### WHAT YOU ARE ASKED TO DO
Copy exactly, beginning with the line holding "IA license plate DXD935" and ending with the final line of the data beneath this task; copy nothing else, and leave out every picture.

(PROVIDED ENTRIES Opens)

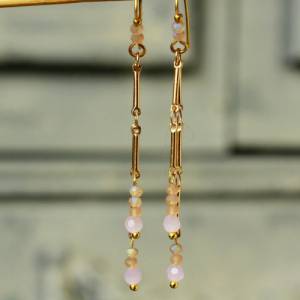 Vergoldete Ohrhänger als elfenhafter Perlenschmuck und zauberhaftes Geschenk für sie Bild 5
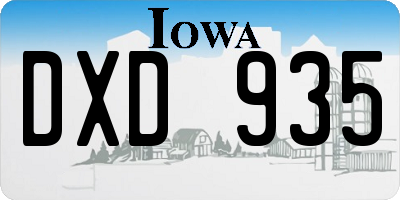 IA license plate DXD935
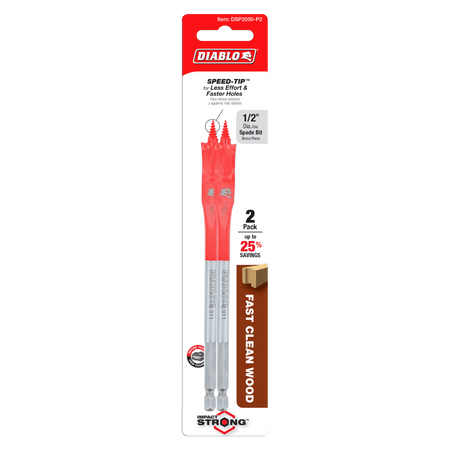 1/2" x 6" Spade Bits for Wood (2 - pk) - AAA Industrial Supply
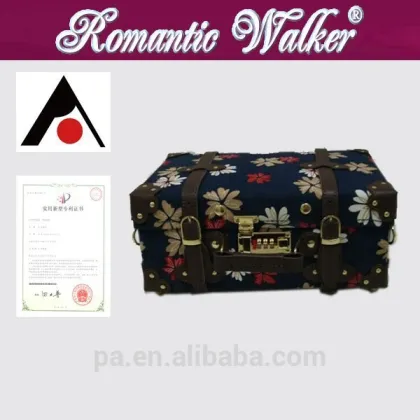 women vintage trolley luggage /trunk luggage with wheels / classical suitcase / trolley box/cosmetic box/made-up box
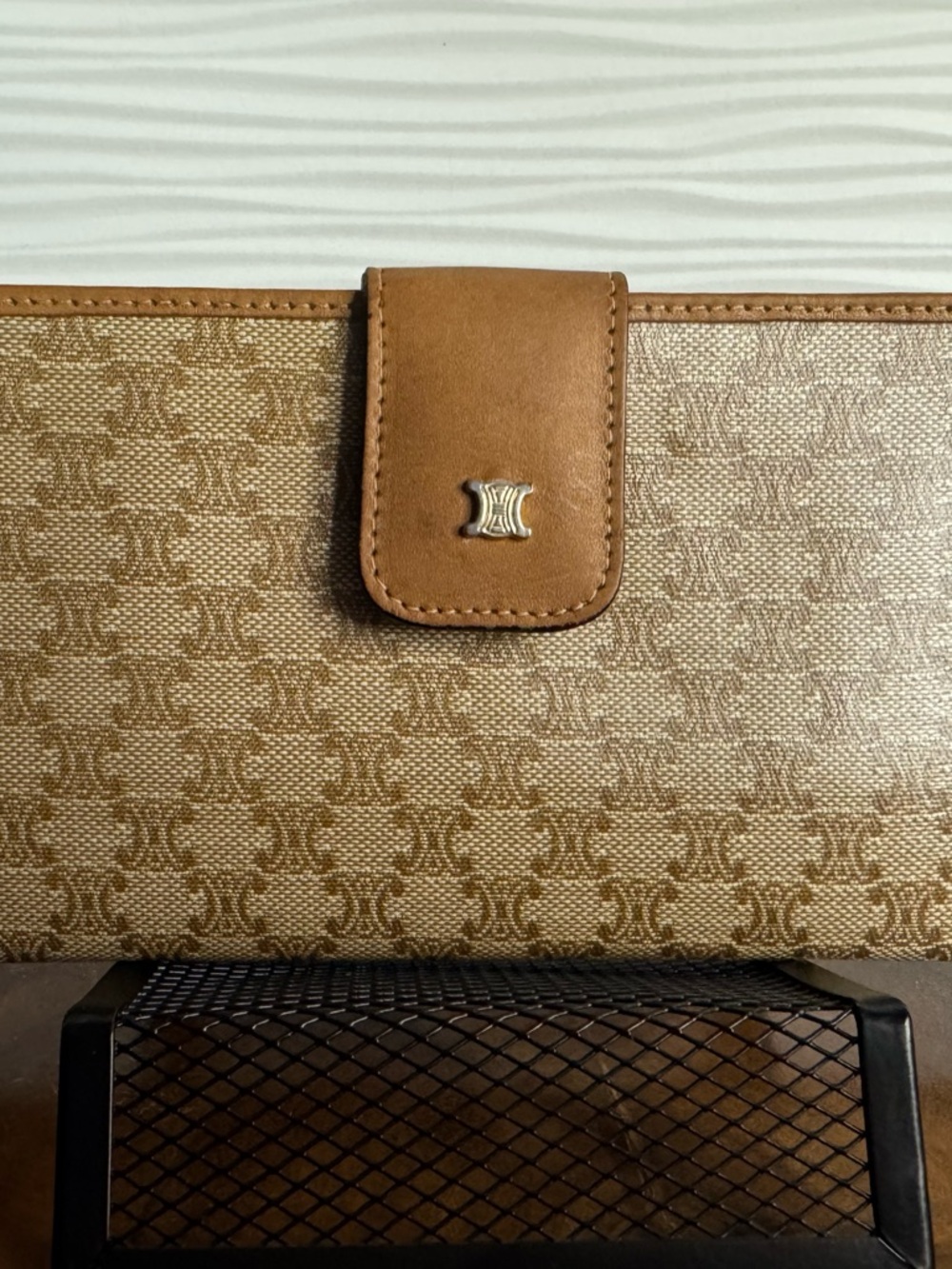 Celine Brown Tan Monogram Canvas Wallet with Leather Tab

(PROVIDED ENTRIES Closes)

### ANSWER FOR THE TASK
 IA license plate DXD935
 1/2" x 6" Spade Bits for Wood (2 - pk) - AAA Industrial Supply
 women vintage trolley luggage /trunk luggage with wheels / classical suitcase / trolley box/cosmetic box/made-up box
 Celine Brown Tan Monogram Canvas Wallet with Leather Tab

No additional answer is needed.